E com o tempo, esta visão se concretizou, segundo Mariangela. “Hoje vejo pesquisadoras, professoras e alunas cada vez em maior número, cada vez mais brilhantes, em trabalhos publicados na Revista Brasileira de Ciência do Solo, em reuniões e congressos da SBCS.
Mariangela foi a primeira mulher presidente da SBCS, no período de 2001-2003. “Já sem piadinhas, sem sofrer preconceito, já havíamos conquistado nosso espaço em duas décadas. Para o futuro, vislumbro que logo a porcentagem de mulheres pode ultrapassar a de homens na sociedade, mas o mais importante é que isso já não importa. Somos todos considerados pesquisadores, professores, cientistas do solo, independente do gênero”, pondera.
Sobre a área de microbiologia do solo eram “poucas” batalhando para o reconhecimento das pesquisas, que em geral eram vistas como “cosméticos” do solo, sem grandes impactos nas demais “linhas nobres”.
E foi então que as coisas foram mudando, o reconhecimento e a participação da microbiologia foram aumentando. Hoje já não há dúvidas de que a microbiologia tem um impacto enorme na fertilidade do solo, bem como em todas as demais áreas da ciência do solo.
Para o futuro, a pesquisadora da Embrapa, vislumbra uma SBCS mais holística, justamente pelo entendimento de que é o todo e não as partes que precisa ser estudado e compreendido. “Acredito que a SBCS terá um papel cada vez mais marcante, com embasamento suficiente nas pesquisas multidisciplinares para permitir posicionamentos seguros e propostas para políticas governamentais”.

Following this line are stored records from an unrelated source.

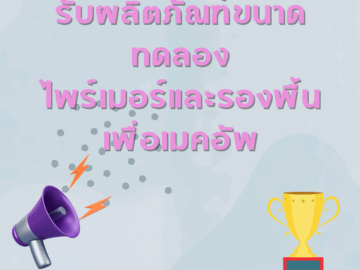 รวมกิจกรรม ของฟรี แจกฟรี บริการฟรี ทดลองฟรี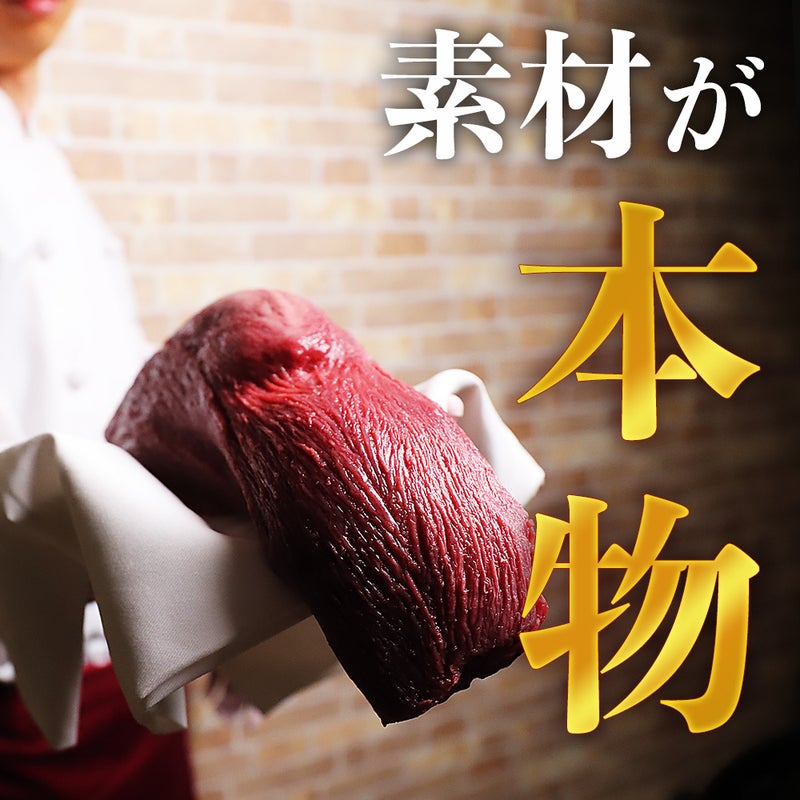 訳あり極厚牛タン素材説明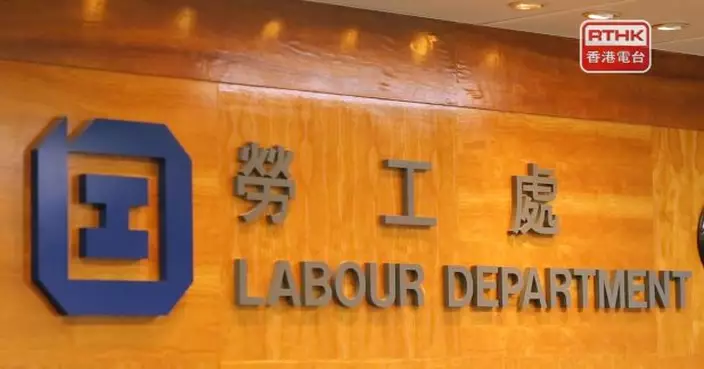 勞工處高度關注赤鱲角致命工業意外　向承建商發出暫時停工通知書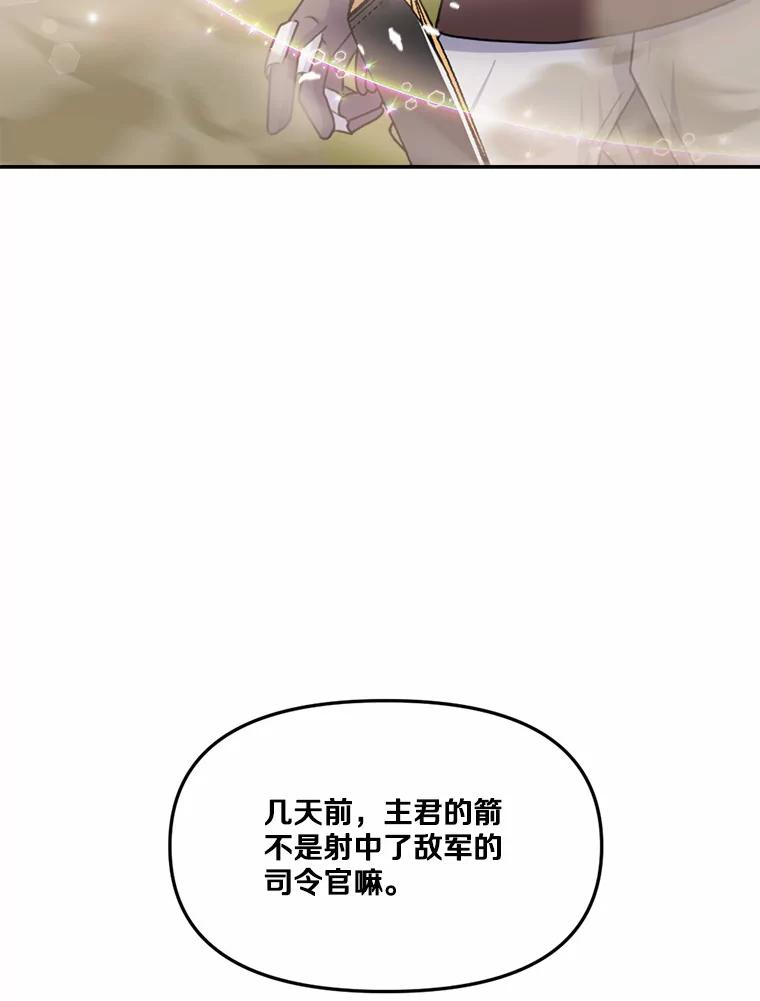 《本该爱上妹妹的他》15.战争英雄 第12页
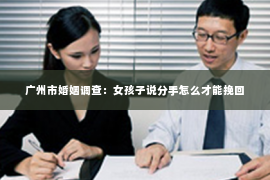 广州市婚姻调查：女孩子说分手怎么才能挽回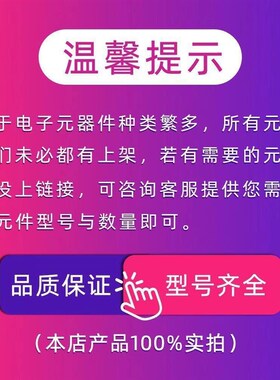 原装正品 贴片 MAX232CSE+T SOIC-16 芯片 RS232 收发器IC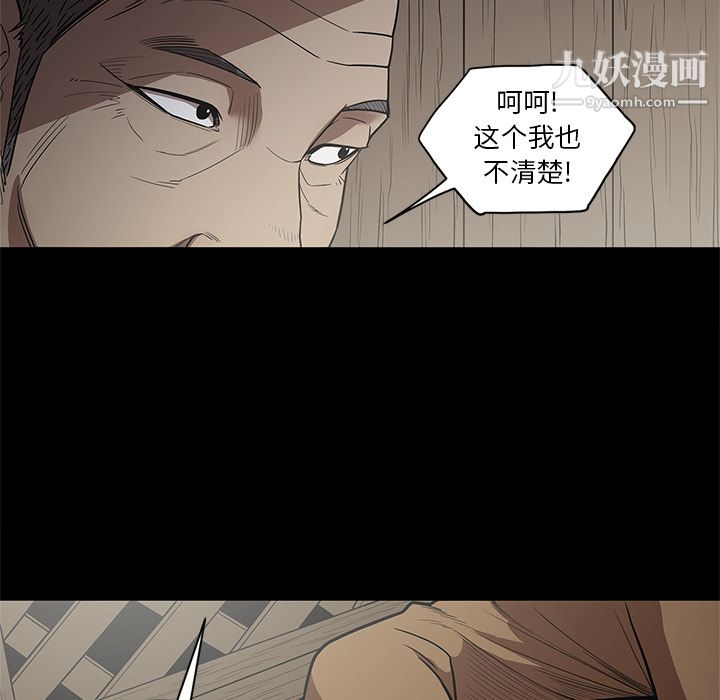 《七公主》漫画 第15話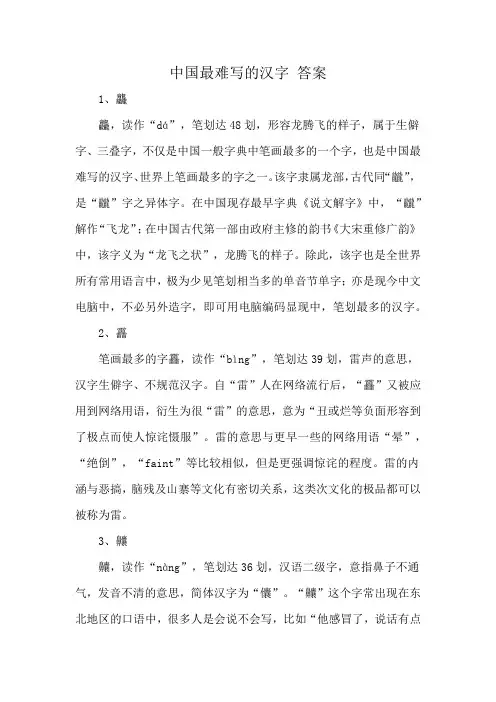 中国最难写的汉字 答案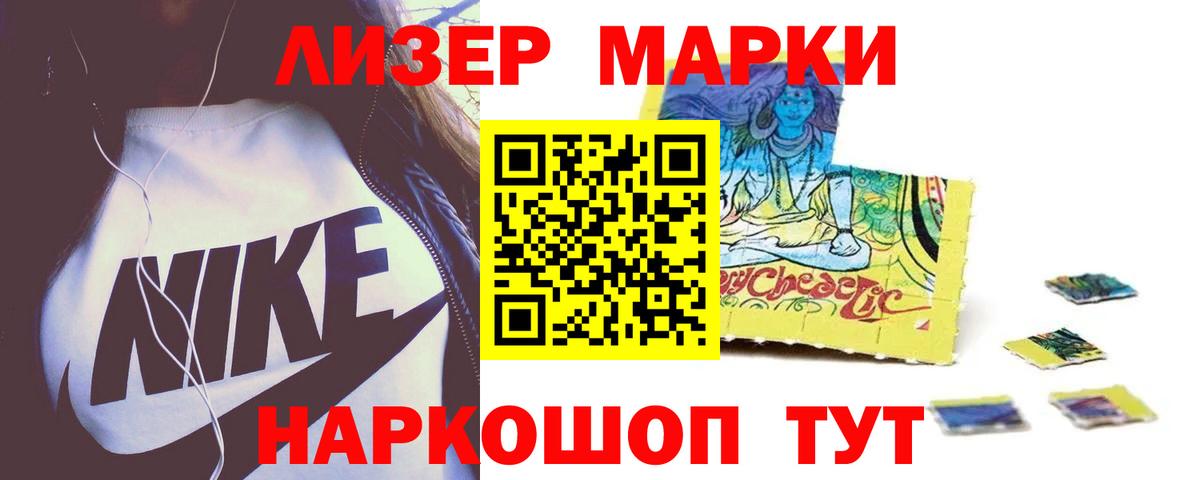 ЛСД экстази кислота  Вход с VPN  Лсд 25 экстази ecstasy  ОМГ ОМГ как зайти  Кудымкар 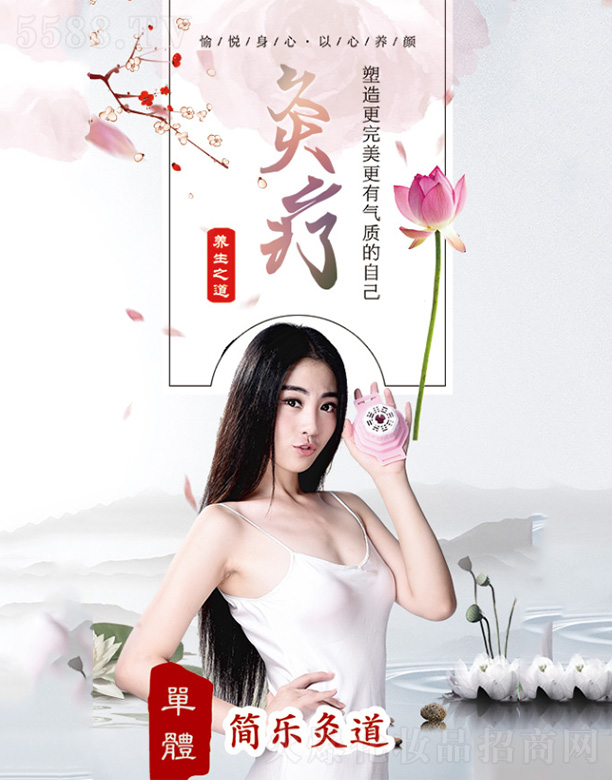 �A٢�Ć΂�(g��)�ľ�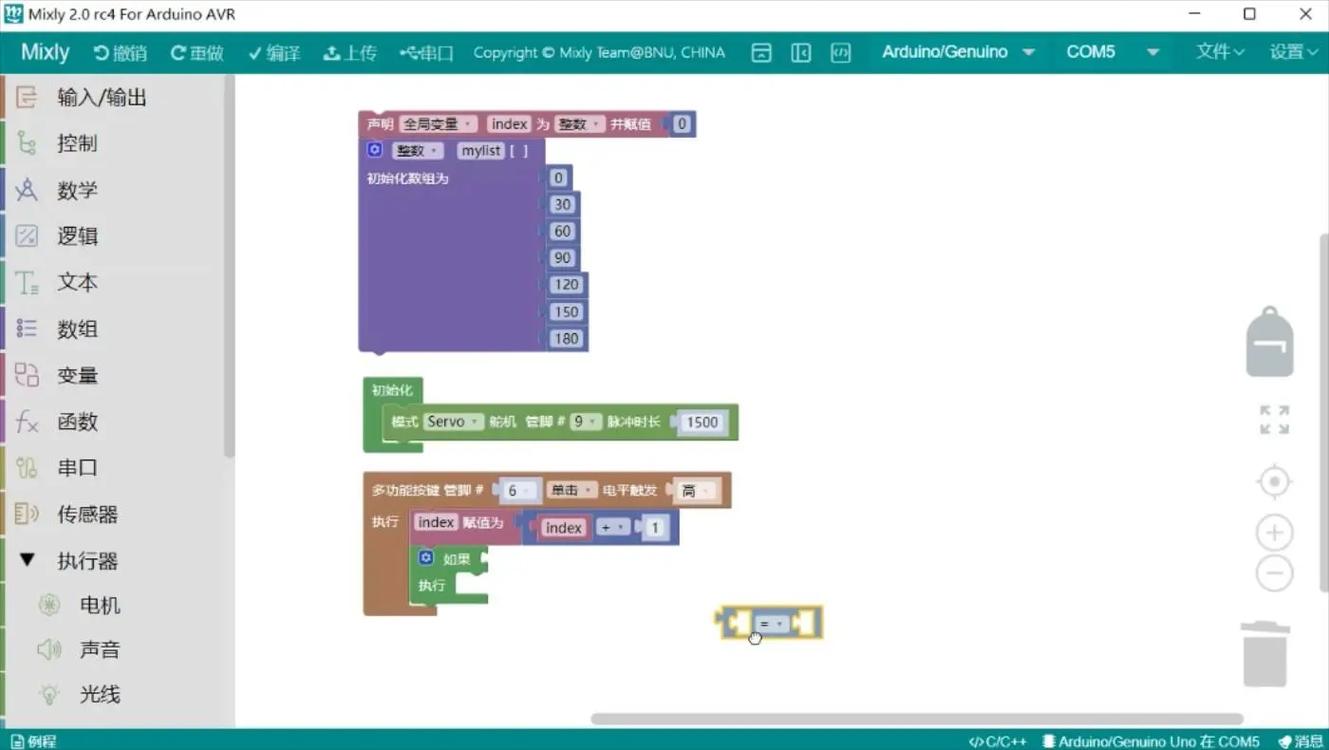 arduino怎么让舵机移动到一定角度停下_舵机任意角度_舵机怎么停在指定位置的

Para Arnaldo Colozzi, diretor do Nucleo Paraná da Sociedade Brasileira de Ciência do Solo-NEPAR, hoje as mulheres ocupam papel de destaque na pesquisa e no ensino sobre solos no Paraná. Na maioria das universidades paranaenses e instituições de pesquisa existem mulheres na coordenação de departamentos e cursos de graduação e pós, de programas e projetos de pesquisa científicos, de atividades de difusão, transferência de tecnologias e divulgação da ciência. Segundo Colozzi, as mulheres hoje ocupam espaços importantes e dão grande contribuição na área de solos e de formação de pessoal. “Além de muito preparadas, as mulheres humanizam o ambiente de trabalho, contribuindo para a criatividade e a produtividade”, afirmou.